# Work done by pump under water

1. Sep 18, 2014

### kihel

1. The problem statement, all variables and given/known data

• We have a container/volume of 1m3 100 m below mean sea level,
• A pump connected to it, pumping from inside the volume with outlet in the surrounding water at same height.
• And there is an pipeline to air, with a one-way valve allowing air to be sucked down to the volume and preventing anything from moving up.
State 1 the volume is filled with water
State 2 the volume is filled with air

What are the forces involved and how to calculate work done by a pump going from State 1 to state 2 - pumping water out of the closed volume and into the surrounding water at same height, hence creating a vacuum which sucks air down through the pipe.

Assumptions:

Ignore efficiency of the pump
Water as incompressible fluid

2. Relevant equations

Energy = Pressure*Volume
Pressure = Density * Gravity * Height
Force = Pressure * Area
Pressure = Force/Area

3. The attempt at a solution
My initial thought is that the work done that need to be done by the pump must equal the potential energy of State 2.

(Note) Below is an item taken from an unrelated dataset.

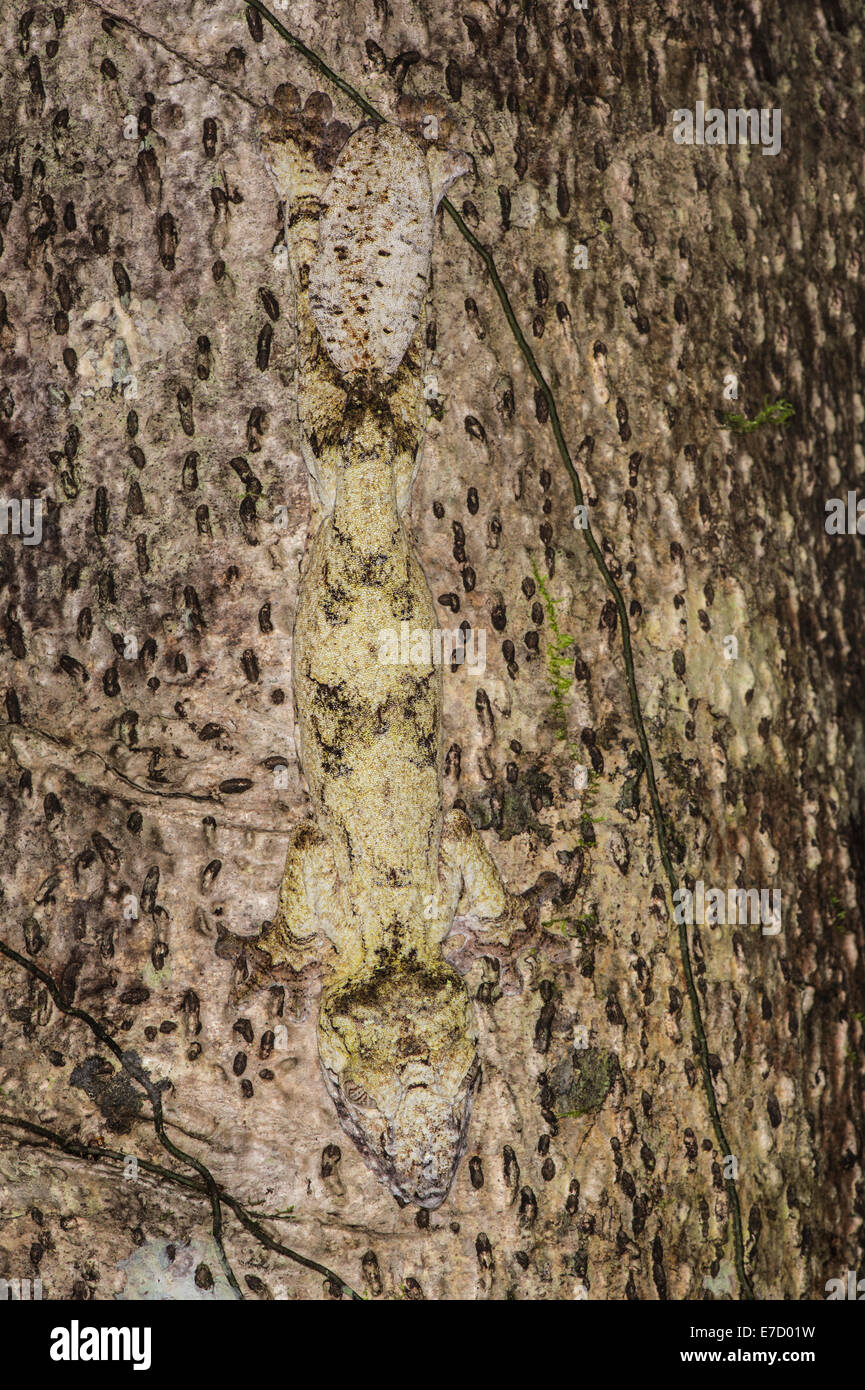 Leaf-tailed Gecko (Uroplatus fimbriatus), Nosy Mangabe, Maroantsera, Madagascar Stock Photo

This energy is: E=PV, P=DGH

Pressure = ~1000 * 9,81 * 100m = ca. 10 bar = 10 000 N/m2

Energy= 1 m3 * 10 000 N/m2 = 10 000 Nm

Delta E = Heat transfer + Work done

Assuming no heat transfer and energy in state 1 is zero:

W= 1000 N/m

This however seems to me like a derived answer, I am looking for a different method, more direct calculation of actually moving the water.

Best regards Kihel

2. Sep 18, 2014

### olivermsun

I think 1 bar = 100 000 Pa = 100 000 N/m2.

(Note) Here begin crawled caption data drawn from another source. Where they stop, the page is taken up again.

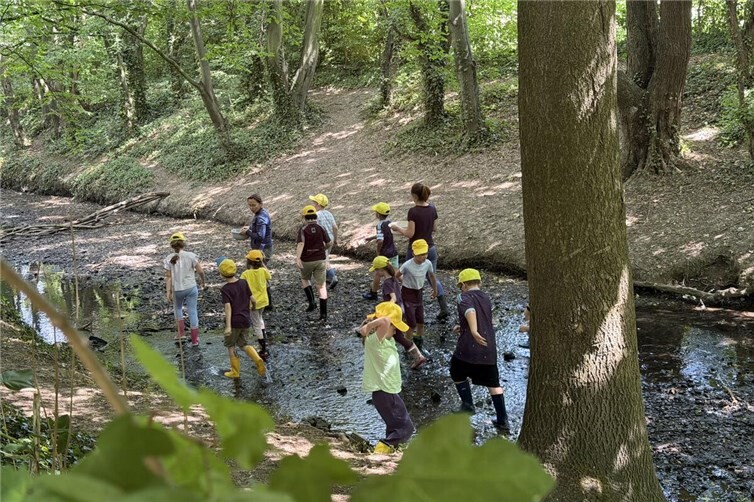 Nach der gemeinsamen Bestimmung setzten die Kinder alle Wasserlebewesen wieder achtsam an ihren ursprünglichen Fundort in der Swist zurück.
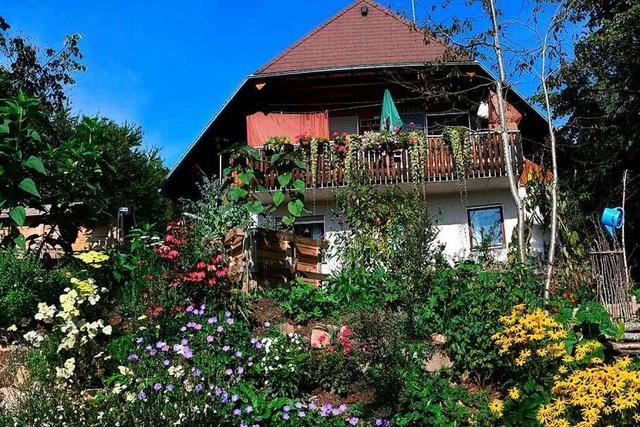 Fotos: ppige Ernte im Holzschlger Garten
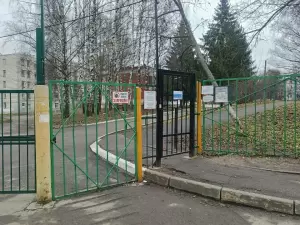 Фотография Реверанс 0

Well, it amounts to the same thing as what you've done, but you could think of it this way:

Your container is basically a cylinder with height 1 m and cross-sectional area 1 m2.
Your pump needs to push the water out against the ambient pressure, which would be just like pushing a piston into the cylinder to push out the water.

The force is therefore F = P * area of piston, and the total work would be F*(height) = P(area)(height).

3. Sep 18, 2014

### Staff: Mentor

To understand what is happening mechanistically, note that, as soon as you pump the slightest amount of water out of the volume, the pressure within the volume will drop to 1 atm. This is because the volume is connected by a column of air (with negligible static head) directly to the air at the surface. So the water inside the volume is being pumped from a pressure of 1 atm (1 bar) to a pressure of 11 bars (static head + surface pressure) at depth.

Chet